概 要
龍谷大学に隣接する砂川小学校、この小学校区を、高齢者や障がい者にとっても「安心・安全」な地域にするため、窪田和美短期大学部教授のゼミ学生を中心として活動しました。
道路の勾配や段差、車椅子利用の可能性、白杖を使った歩行等を念頭に置いて、実際に巻き尺で計測し、車椅子を使って現地を歩くとともに、地域住民へのヒアリング等を通じて、その問題点と課題を発見し、地域住民への発信を行ないました。
活動の目的
大学生にとって、広い視野から専門領域を学ぶことは重要なことです。とりわけ福祉を学ぶ学生には、健常者の視点だけでなく、高齢者や障がい者、あるいは子どもたちの立場に立って、現実社会から学んで欲しいことがあります。

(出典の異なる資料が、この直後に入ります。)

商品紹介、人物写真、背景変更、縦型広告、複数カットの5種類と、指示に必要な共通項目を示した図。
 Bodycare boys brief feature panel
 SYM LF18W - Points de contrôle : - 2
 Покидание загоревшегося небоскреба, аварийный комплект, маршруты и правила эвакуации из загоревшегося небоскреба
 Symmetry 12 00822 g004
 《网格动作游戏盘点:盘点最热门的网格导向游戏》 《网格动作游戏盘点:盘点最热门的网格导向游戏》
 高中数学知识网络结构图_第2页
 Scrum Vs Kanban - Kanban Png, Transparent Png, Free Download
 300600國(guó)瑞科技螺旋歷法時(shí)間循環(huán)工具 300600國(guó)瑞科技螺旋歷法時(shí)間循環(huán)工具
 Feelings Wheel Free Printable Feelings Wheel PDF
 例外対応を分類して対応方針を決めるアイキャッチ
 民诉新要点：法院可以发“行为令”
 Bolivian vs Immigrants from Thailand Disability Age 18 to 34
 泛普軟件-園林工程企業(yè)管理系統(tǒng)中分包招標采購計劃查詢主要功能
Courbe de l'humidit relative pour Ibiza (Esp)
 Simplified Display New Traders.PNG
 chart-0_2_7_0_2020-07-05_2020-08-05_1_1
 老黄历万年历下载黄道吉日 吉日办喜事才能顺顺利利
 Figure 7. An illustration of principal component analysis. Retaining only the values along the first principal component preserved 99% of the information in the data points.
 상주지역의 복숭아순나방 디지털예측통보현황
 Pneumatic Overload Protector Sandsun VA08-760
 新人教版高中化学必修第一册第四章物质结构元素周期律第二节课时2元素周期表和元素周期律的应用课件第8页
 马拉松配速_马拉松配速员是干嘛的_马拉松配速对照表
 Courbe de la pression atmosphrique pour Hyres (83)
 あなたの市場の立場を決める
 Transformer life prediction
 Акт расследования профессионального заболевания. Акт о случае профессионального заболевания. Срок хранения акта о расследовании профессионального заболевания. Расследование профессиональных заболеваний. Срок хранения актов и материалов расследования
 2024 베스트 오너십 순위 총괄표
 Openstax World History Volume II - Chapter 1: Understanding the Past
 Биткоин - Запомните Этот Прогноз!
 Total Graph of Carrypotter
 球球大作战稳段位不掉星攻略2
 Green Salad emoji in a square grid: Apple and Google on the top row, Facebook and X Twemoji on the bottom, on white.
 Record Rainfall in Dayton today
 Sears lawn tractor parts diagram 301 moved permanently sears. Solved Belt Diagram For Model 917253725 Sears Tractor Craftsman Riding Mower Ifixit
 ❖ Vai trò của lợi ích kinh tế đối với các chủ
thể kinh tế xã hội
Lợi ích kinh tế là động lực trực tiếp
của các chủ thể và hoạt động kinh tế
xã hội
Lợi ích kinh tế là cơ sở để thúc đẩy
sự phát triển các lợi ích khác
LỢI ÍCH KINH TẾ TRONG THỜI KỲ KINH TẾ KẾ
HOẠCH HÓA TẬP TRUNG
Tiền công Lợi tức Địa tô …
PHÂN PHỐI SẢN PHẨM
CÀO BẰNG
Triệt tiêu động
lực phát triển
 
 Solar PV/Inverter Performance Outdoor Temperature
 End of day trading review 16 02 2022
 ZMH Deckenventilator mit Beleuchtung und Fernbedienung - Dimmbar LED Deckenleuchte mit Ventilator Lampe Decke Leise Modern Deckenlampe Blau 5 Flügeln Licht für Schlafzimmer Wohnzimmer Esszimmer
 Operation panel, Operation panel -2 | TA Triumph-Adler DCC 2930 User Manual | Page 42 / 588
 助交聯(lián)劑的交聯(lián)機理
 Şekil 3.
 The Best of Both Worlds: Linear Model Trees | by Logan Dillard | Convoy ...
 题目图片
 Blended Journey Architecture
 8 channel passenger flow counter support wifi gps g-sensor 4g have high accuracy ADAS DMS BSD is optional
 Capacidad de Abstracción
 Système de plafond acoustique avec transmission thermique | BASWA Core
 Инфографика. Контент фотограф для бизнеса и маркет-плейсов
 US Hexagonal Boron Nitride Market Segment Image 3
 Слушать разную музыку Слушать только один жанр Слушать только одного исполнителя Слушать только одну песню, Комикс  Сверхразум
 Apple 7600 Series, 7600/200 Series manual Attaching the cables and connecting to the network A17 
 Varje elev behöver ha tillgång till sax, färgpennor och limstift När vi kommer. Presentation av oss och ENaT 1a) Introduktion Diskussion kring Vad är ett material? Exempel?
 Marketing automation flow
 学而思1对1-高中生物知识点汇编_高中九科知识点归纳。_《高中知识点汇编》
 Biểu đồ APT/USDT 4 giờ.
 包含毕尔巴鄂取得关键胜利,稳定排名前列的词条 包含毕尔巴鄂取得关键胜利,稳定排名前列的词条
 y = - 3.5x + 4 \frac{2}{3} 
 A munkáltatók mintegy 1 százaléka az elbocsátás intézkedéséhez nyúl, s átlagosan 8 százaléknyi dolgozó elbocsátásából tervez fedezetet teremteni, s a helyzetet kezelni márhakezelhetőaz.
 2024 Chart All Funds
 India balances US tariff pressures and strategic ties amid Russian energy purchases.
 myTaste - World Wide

その実践活動として「砂川地域のまち歩き―地域福祉の視点から安心・安全をめざして―」というプログラムを毎年継続してきました。このプログラムを実践する目的は二つあります。
まず一つには、学生が問題発見能力を習得することです。この砂川地域は、多くの学生にとってこれまでほとんど知らなかった町であり、どのような方々が暮らしておられるのかもわからない町です。
このように全く先入観のない町を歩くことを通して、新しい発見をして欲しい、まさにバリアフリーという視点から気づいて欲しいのです。
そして問題があるとすれば、それはどうすれば解決に繋がるのか、そのための情報はどこへ行けば入手できるのか、グループで討議したうえ、自分たちで行動すること、それが現実社会に迫るということです。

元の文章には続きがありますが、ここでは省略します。